Re-elected Hialeah Mayor gloats with plane banner

Re-elected Hialeah Mayor gloats with plane banner
  • Sumo

Look! Up in the sky! It’s a bird! No, it’s a plane.

Yeah, it’s a plane. A political plane with a message.

Look! Up in the sky! It's a bird! No, it's a plane. Really. A political plane.

It wasn’t enough for Hialeah Mayor Carlos “Castro” Hernandez to win with 81 percent of the vote Tuesday. It wasn’t enough to usher in two of his lackeys on the Seguro Que Yes Council.

Nooooooo. Hernandez had to take it to the schoolyard Thursday — a la nya-na, nya-na, boo boo — with a plane towing a banner over the City of Progress, poking fun at former Mayor Julio Martinez, who lost badly Tuesday, and former Mayor Raul Martinez, who also lost since he had supported The Other Martinez’s bid and who Hernandez thinks is the architect of everything.

Raul y Julio – Los Miserables Se Entienden,” is what it said. Or what we think it said, because the letters seemed to get smaller or eaten up toward the end of the banner. “Raul and Julio — The Miserable Ones Understand Each Other.”

If you can read this, you're flying too high.

See? The very paranoid Hernandez and his campaign crusader Sasha Tirador, who apparently lives in the past, always blame Raul Martinez for everything and think he was behind not just Julio Martinez’s challenge but every single opponent of the mayor’s rubber-stamp council. Ladra really doubts that Raul — who is said to be trying to reinvent himself for possible state or higher office — had much to do with the campaign, but Hernandez and Tirador will take every chance they can to spit in his face.
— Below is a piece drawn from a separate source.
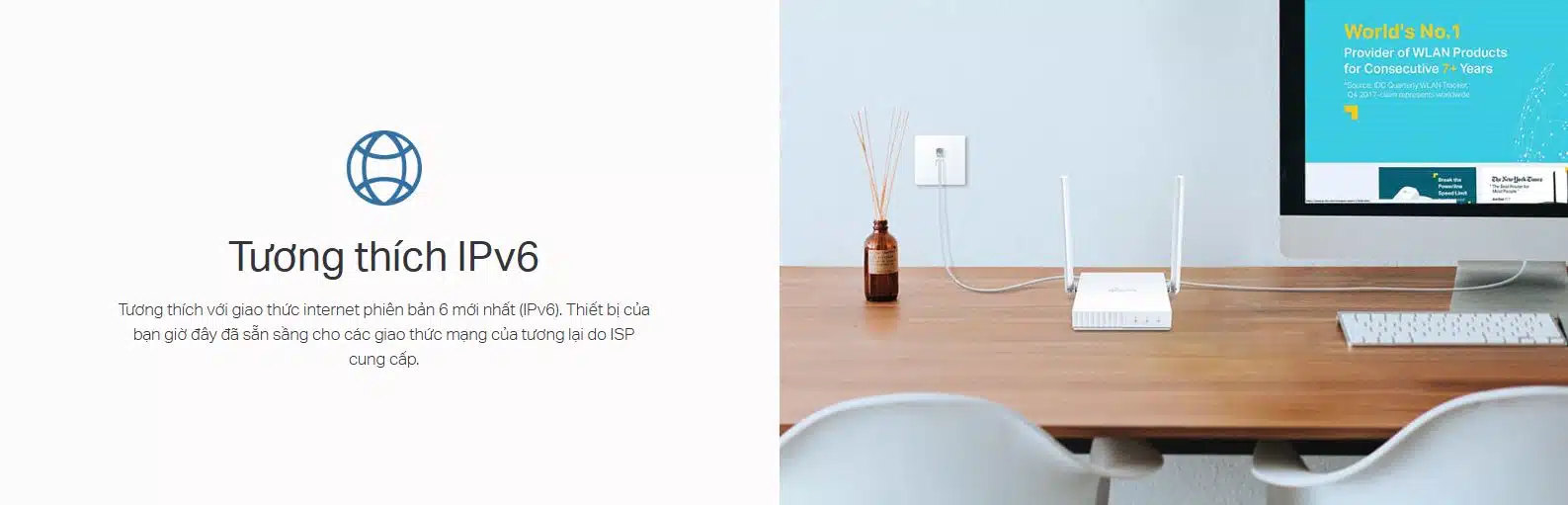 Router TP-Link TL-WR844N - Bộ định tuyến Wi-Fi Nhiều Chế Độ Tốc Độ 300 Mbps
Even with a silly, immature banner towed behind a yellow plane for $599 an hour. That’s how much it cost at Aerial Banners at North Perry Airport, which has the yellow planes like the one in Hialeah’s sky Thursday. And I guess this is the best thing the mayor could think of doing two days after being elected in one of the lowest turnouts in Hialeah’s history.

Neither Hernandez nor Tirador nor the mayor’s chief of staff, Arnie Alonso, returned my calls Thursday to not only chide them on their childishness, but also ask some more serious questions, like:

Is this a legal campaign expense? And if it is, was there a legally required disclaimer?

And if there was, what is the point if you can’t read it?